When the Redemptorists arrived in the U.S. in the mid-19th century, they quickly began caring for large populations of German and Irish immigrants — groups of people far from their native land who struggled to support their families and find acceptance in a new place. Today, Redemptorists continue this care for immigrants, especially those from Spanish-speaking countries. In many cases, this ministry takes place in parishes, but a few Redemptorists have found ways to reach out to larger populations.

In the Diocese of Metuchen, NJ, two Redemptorists recently stepped in as directors of Hispanic ministry. They are helping to build up the existing ministry in the diocese as well as find ways to minister to Hispanics living in the far western part of the diocese where Spanish-speaking priests are scarce.

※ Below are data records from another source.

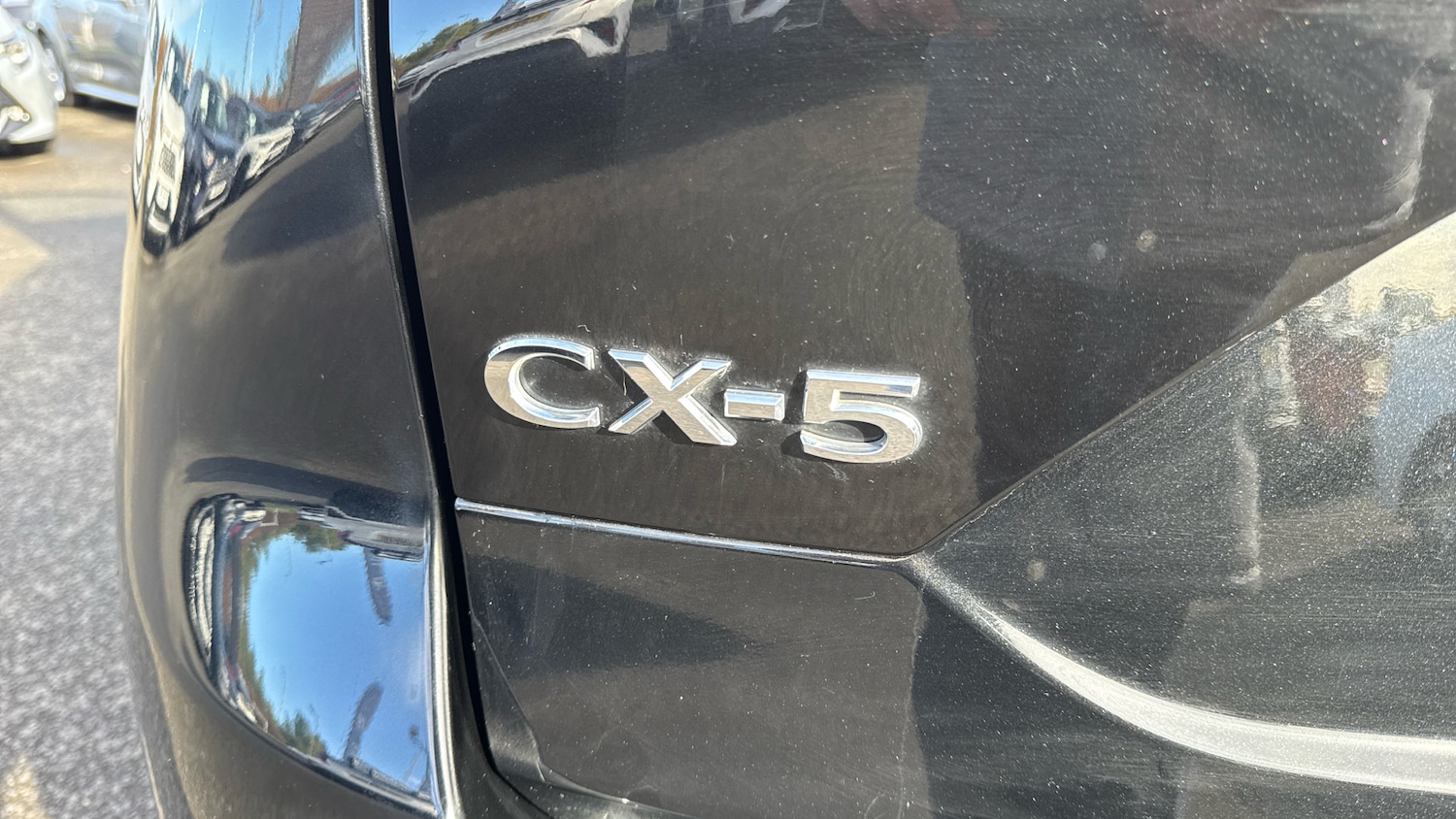 Used Mazda CX-5 2023 for sale - 76340971: Photo 23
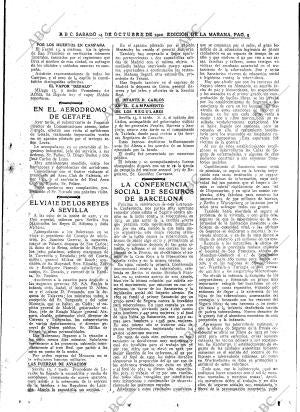 ABC MADRID 14-10-1922 página 9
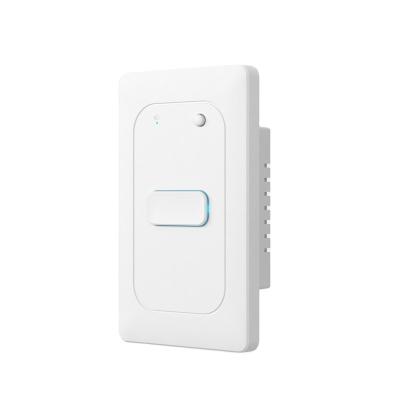 China APP Remote Control and Button Control Wifi Smart Switch Wall Switch Touch Remote Control and Light Button Control for sale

The Juan Neumann Center, which opened in New York in January 2003 with its volunteer social workers, assists with employment and housing issues, residency and citizenship application, immigration and asylum requests. The same social workers lend support to immigrants (the majority of whom are women) seeking residency who are threatened by spousal abuse and thus restrained from establishing residency or citizenship. Immigrants who have religious and spiritual needs also come to the center seeking comfort and advice. The center also provides mediation between immigrants and employers who hold back or refuse to pay just wages.

Father Ruskin Piedra represents the Redemptorists at the center

"It is very fulfilling and demanding," he says, "to reach out to the poorest and most abandoned. These are the new poor that are coming to our shores. We are grateful that God gives us the opportunity to offer them a place of safety."